Regarding technological development, there is always a risk for the emergence of so far unknown illnesses and conditions. New types of diseases will appear due to the excessive use of virtual reality solutions in gaming and other industries including healthcare. Examples include virtual post-traumatic stress disorder (v-PTSD) which might be the diagnosis for gamers who participate in large virtual battles wearing VR masks (such as Call of Duty of Battlefield) and experience similar symptoms as those soldiers who fought in real wars. Virtual reality as an extension of online activity and particularly that of gaming might also cause addiction. Expect to see ICD codes assigned to such new conditions.

Real-time diagnostics

The intelligent surgical knife (iKnife) was developed by Zoltan Takats of Imperial College London and works by using an old technology where an electrical current heats tissue to make incisions with minimal blood loss. With the iKnife, the vaporized smoke is analyzed by a mass spectrometer to detect the chemicals in the biological sample. This means it can identify whether the tissue is malignant real-time. Surgeons will love this surgical Jedi knife which can significantly reduce the length of operations.

Holographic data input

While better and better data input solutions arise, we will probably not even need hardware to add data to a laptop or PC as screens and keyboards will be projected on the wall or on the table making it simple and accessible everywhere in the clinical settings. Holographic and virtual keyboards will make us forget about smartphones and tablets. Only small projectors will be needed, while the data will be stored exclusively in the cloud.

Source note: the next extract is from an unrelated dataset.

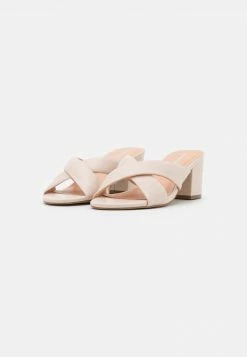 Even&Odd Damen Pantolette Hoch - Nude -Even&Odd Verkäufe 2024 35ef4bd9516c4a80ab24aa825691ea4c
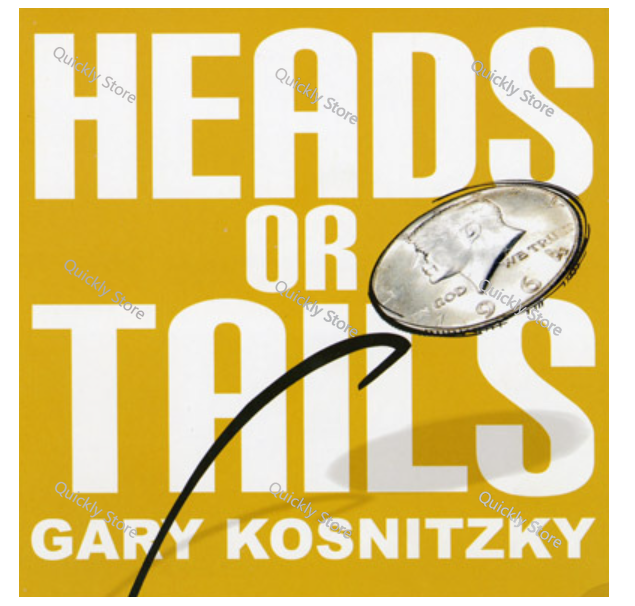 Magic Tricks - Hoofden of staarten door Gary Kosnitzky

Crowdsourcing through social media

Medical communication is something that affects all patients and medical professionals worldwide without exceptions. This is one reason why social media has the potential to become a huge “mind machine” making it possible to transmit, share, crowdsource and store medical pieces of information either for e-patients or medical professionals if such social platforms are used in a proper way. Don’t underestimate the power of digital/medical communication.

Multi-functional radiology

Radiology is one of the fastest growing and developing areas of medicine, therefore this might be the specialty in which we can expect to see the biggest steps in developments. One multi-functional machine will be able to detect plenty of medical problems, biomarkers and symptoms at once. Naturally, artists and movies are already way ahead of us: check out the machine used in the film, Elysium. With one quick check-up it tells you what percentage of your cells are cancer free.